L'episodio a cui accenna Anna lo ricordo bene, purtroppo: Fabrizio Quattrocchi... inginocchiato, mani legate, cerca di togliersi la kefiah ed esclama quella frase. Iraq, 2004: muore a 35 anni...
Mia mamma mi sta dicendo, piangendo al telefono, che ci è stata.
Ricordo molto bene quest'episodio terrificante, e penso a quanti cristiani
nel mondo continuano ad essere perseguitati, come ad esempio in Cina, ma è solo un esempio, non ultima la strage di due giorni fa in Nigeria, dove sono stati massacrati 50 cristiani dai fanatici islamisti assassini.
E questo nell'assordante silenzio generale.

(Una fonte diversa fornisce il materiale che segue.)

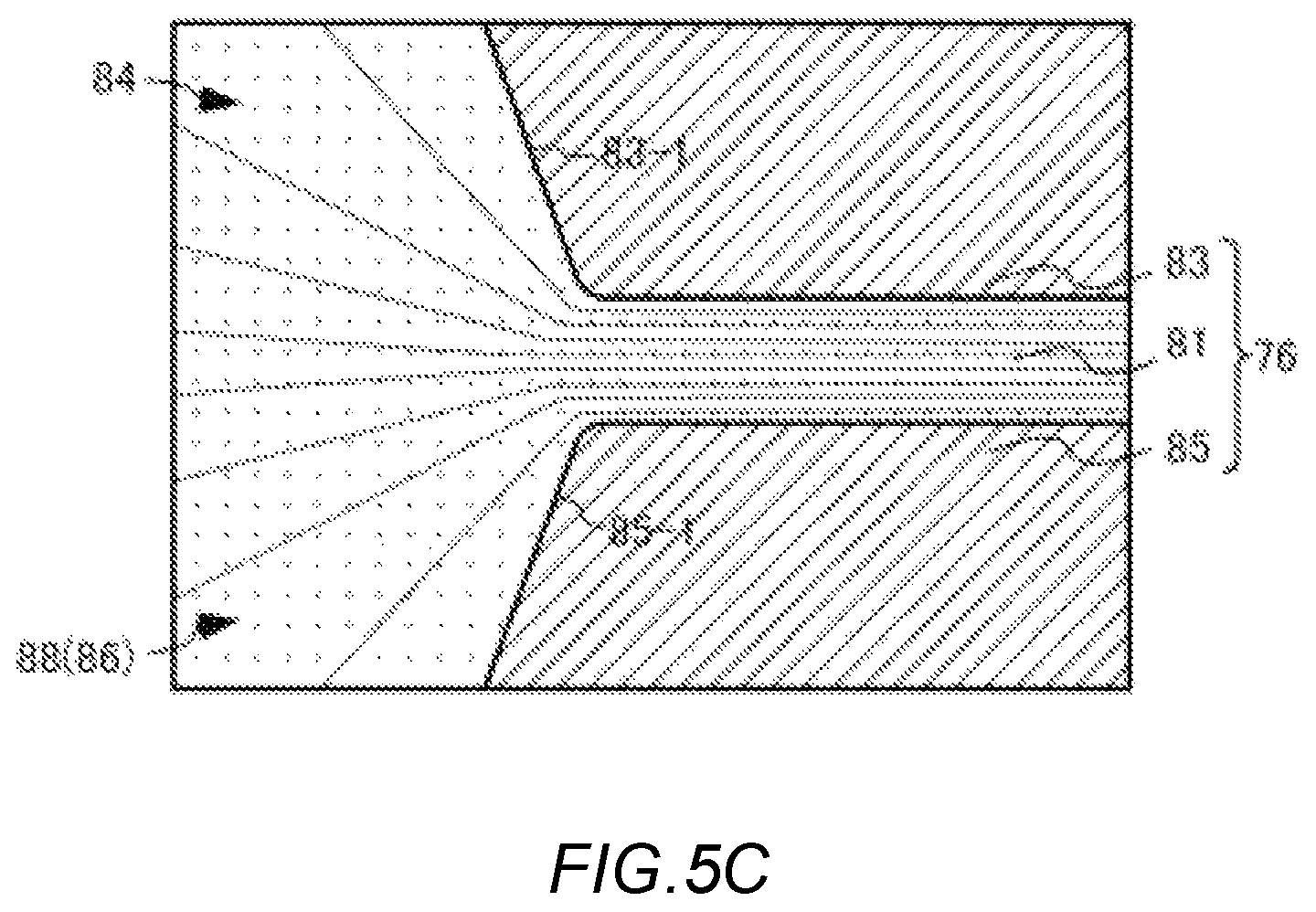 Patent US12107030 Figure 9 – Semiconductor device, semiconductor module, vehicle, and manufacturing method of semiconductor device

Scusami... mi sono fatta coinvolgere emotivamente.
Grazie ancora!
Beato te che ci sei stato.
Spero che pian pianino pubblicherai ancora su questo episodio che oggi dovrebbe far tanto riflettere.
Grazie ancora!
Originalissimo il racconto per come viene raccontato, sia per lo stile - apprezzatissimo - che per il personaggio
narrante che racconta come se avesse vissuto in prima persona quegli orrori,
la crudeltà degli invasori islamici, e la morte degli 800 che non si convertirono e da cristiani in nome di Cristo orgogliosamente morirono.
Non so se la storia del carnefice convertito sia vera o sia un tocco
aggiunto da te, confesso non lo so.
E' un racconto meravigliosamente tragico.
L'uomo senza Dio e senza pietà né cuore,
è sempre esistito.
Grande, Jean, splendido scritto,
apprezzato parola per parola nella sua forte e coinvolgente drammaticità.
Una orribile pagina di Storia, da non dimenticare.
Complimenti sempre... e sentitissimi!